Please give back, exactly as written, the lines from the line with "Hi friends, we" to the line with "Trick three —" in the listing below, leaving out all pictures.

## MATERIAL SHOWN:
* * * * * * *

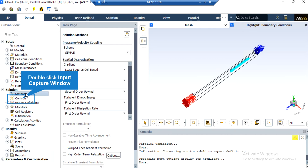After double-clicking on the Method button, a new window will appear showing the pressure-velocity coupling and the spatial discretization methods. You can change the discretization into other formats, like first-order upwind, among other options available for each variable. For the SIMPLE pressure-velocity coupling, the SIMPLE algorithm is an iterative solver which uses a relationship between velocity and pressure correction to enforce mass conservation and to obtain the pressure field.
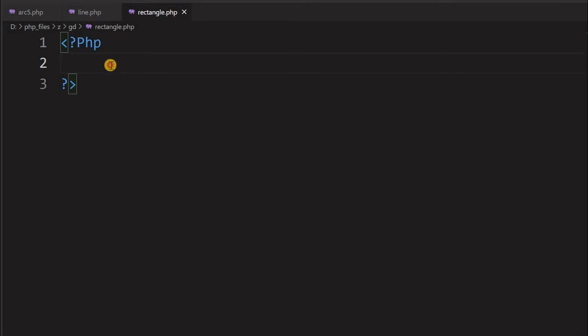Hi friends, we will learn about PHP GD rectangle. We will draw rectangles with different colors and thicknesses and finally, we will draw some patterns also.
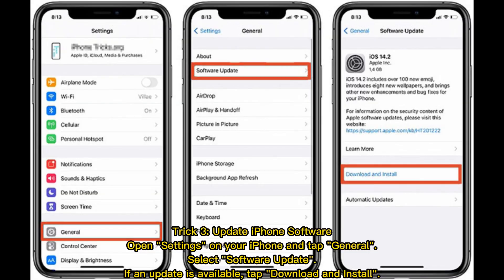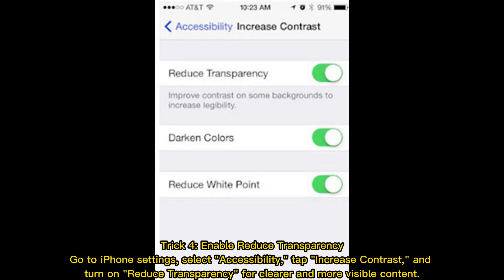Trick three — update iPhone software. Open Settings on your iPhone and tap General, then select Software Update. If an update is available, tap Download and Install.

* * * * * * *

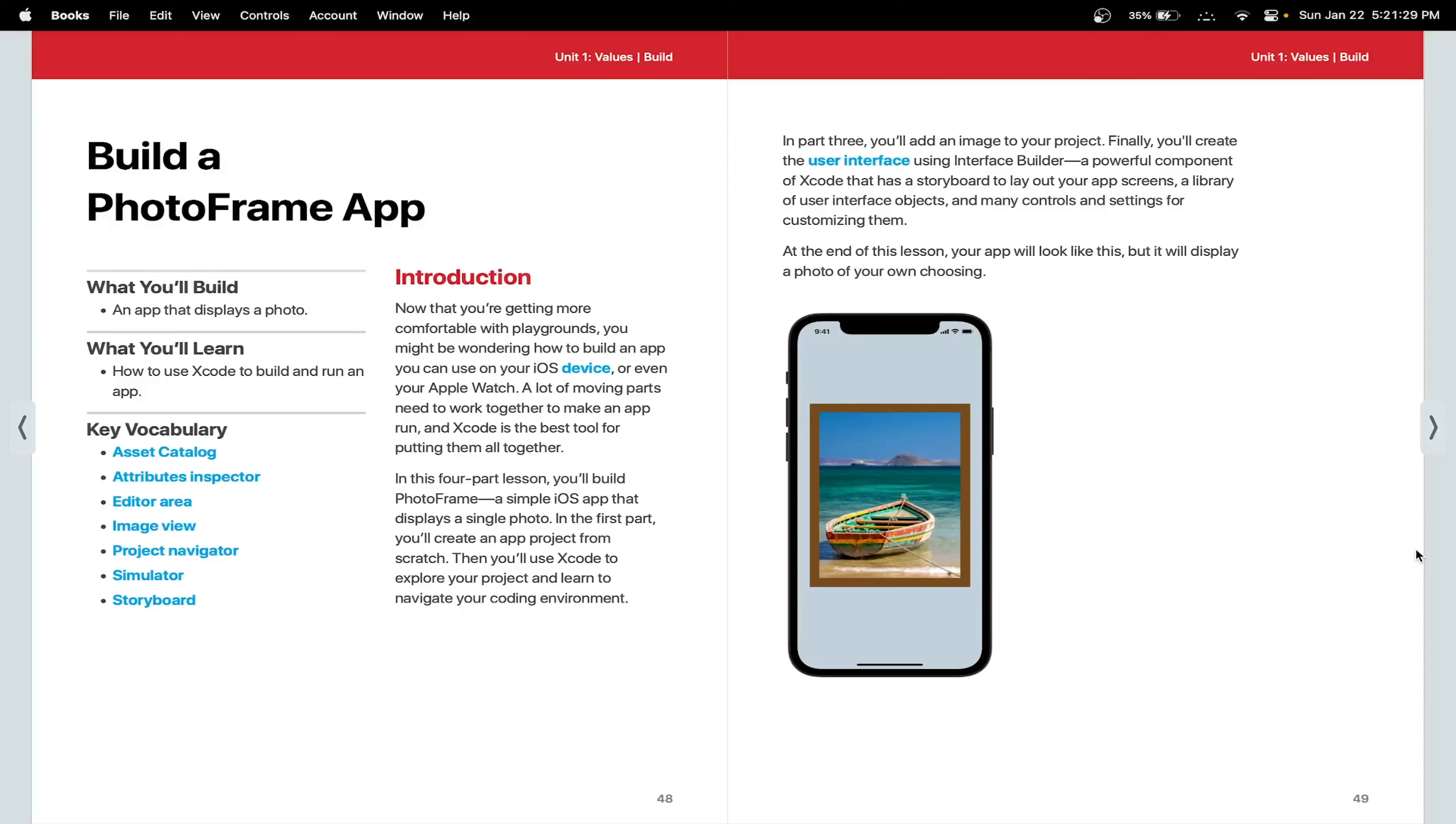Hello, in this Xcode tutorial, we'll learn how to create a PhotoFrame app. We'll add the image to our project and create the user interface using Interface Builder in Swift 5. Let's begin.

* * * * * * *

## TASK OUTPUT:
Hi friends, we will learn about PHP GD rectangle. We will draw rectangles with different colors and thicknesses and finally, we will draw some patterns also.
Trick three — update iPhone software. Open Settings on your iPhone and tap General, then select Software Update. If an update is available, tap Download and Install.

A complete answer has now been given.